A CLI tool to generate metrics data for the Prometheus monitorig system. It allows you to define time series and values and send them directly to Prometheus using the remote write protocol.

Why?

I found this very useful for testing PromQL queries and alerts. Sometimes you don't have the right data in Prometheus or simply no access. This tool lets you simulate the data you need and test your queries against it.

Installation

The latest version:

GOPROXY=direct go install github.com/pb82/prometheus-toolbox@latest

A specific version:

GOPROXY=direct go install github.com/pb82/prometheus-toolbox@<version>

NOTE: Go must be installed

Building locally

Build directly for your platform with go:

$ go build

Starting a local development environment

To start a local development environment including Prometheus and Grafana use the built-in --environment command.

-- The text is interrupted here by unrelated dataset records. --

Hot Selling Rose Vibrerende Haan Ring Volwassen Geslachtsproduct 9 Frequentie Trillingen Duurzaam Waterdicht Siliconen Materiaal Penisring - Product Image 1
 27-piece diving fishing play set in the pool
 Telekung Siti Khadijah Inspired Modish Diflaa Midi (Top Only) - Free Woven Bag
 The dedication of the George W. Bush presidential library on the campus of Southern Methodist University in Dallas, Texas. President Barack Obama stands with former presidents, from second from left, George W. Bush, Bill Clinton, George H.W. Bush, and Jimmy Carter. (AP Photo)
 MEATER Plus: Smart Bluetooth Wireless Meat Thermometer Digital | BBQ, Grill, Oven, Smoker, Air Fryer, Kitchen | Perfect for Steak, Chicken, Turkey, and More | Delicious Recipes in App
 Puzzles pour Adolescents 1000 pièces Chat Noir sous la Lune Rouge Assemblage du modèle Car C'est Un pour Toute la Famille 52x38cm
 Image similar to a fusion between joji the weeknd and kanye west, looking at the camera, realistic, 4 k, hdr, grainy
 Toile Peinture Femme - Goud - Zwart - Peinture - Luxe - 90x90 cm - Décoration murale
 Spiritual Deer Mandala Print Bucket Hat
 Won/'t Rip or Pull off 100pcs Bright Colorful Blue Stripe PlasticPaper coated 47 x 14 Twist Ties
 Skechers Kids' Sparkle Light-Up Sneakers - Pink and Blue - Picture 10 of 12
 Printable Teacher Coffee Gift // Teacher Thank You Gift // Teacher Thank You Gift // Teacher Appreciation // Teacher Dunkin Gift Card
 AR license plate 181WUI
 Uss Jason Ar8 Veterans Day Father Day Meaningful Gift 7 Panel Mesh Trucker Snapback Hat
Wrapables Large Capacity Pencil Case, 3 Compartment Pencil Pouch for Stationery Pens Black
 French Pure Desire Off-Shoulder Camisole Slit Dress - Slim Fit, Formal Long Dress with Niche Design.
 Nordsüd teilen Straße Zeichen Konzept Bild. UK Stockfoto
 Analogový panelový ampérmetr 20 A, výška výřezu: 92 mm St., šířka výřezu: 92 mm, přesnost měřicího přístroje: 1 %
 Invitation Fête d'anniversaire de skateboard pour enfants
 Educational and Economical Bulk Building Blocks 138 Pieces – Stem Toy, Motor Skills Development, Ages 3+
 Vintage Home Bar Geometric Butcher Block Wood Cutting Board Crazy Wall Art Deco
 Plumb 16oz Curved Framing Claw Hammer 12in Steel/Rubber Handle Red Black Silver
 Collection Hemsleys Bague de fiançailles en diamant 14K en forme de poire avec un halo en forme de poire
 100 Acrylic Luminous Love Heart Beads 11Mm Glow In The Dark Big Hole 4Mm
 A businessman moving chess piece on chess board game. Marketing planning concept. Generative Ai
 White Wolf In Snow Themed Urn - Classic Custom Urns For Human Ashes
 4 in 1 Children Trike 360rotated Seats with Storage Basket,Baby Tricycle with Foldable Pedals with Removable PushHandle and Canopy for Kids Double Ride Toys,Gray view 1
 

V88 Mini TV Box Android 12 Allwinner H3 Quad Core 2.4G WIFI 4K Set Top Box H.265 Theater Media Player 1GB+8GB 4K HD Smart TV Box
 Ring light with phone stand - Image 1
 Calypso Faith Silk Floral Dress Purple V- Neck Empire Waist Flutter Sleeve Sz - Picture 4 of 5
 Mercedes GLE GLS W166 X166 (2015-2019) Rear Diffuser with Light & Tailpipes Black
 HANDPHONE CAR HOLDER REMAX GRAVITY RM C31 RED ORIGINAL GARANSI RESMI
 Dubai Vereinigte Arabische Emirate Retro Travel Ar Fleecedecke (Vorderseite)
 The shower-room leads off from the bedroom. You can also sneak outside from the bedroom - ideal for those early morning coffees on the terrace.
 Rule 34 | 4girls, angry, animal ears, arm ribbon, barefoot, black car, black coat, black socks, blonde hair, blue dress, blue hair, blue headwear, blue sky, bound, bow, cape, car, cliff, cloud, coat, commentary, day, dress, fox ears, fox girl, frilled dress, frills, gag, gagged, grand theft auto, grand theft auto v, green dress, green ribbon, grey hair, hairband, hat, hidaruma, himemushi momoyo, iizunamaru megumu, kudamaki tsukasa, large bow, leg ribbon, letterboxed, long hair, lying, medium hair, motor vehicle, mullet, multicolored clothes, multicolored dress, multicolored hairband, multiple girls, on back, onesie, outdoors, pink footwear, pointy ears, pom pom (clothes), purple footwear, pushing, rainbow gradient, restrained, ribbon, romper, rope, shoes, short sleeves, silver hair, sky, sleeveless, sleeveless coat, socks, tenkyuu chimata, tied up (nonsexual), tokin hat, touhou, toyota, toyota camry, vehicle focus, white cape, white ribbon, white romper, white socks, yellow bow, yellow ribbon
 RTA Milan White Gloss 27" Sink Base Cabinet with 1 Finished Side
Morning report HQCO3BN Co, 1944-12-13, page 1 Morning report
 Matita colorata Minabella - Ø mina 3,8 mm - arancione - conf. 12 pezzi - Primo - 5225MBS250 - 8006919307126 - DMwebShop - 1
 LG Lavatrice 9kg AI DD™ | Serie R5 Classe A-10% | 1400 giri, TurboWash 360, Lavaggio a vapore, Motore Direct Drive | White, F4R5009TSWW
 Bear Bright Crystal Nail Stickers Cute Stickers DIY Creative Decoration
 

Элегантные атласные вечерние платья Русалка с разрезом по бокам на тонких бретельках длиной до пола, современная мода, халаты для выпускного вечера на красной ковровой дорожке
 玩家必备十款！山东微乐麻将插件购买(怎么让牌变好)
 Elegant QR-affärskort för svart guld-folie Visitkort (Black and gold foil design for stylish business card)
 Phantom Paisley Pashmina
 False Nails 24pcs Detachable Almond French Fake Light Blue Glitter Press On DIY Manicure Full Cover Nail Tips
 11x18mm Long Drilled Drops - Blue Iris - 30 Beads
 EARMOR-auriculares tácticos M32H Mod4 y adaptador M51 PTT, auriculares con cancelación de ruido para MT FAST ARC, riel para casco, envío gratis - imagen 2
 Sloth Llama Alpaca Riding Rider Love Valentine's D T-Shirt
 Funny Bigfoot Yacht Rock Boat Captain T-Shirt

This prints out a shell script to spin up containers for both applications. It also sets up a data source in Grafana to connect it to Prometheus. Either podman or docker, as well as curl are required.

Example:

$ prometheus-toolbox --environment | bash
detected runtime is podman, starting containers. this can take some time...
starting prometheus container from image docker.io/prom/prometheus:latest
starting grafana container from image docker.io/grafana/grafana-oss:latest
creating prometheus datasource
Prometheus is running on port 9090
Grafana is running on port 3000
Grafana credentials are admin/admin
press ctrl-c to quit

The Prometheus and Grafana images can be overridden by exporting the PROMETHEUS_IMAGE or GRAFANA_IMAGE variables:

$ export GRAFANA_IMAGE=docker.io/grafana/grafana-oss:8.5.15 && ./prometheus-toolbox --environment | bash

Importing Prometheus rules into the local development environment

The environment script checks for the presence of a file with the name rules.yml in the directory it's running. If present, Prometheus is configured to import alerting and recording rules from it.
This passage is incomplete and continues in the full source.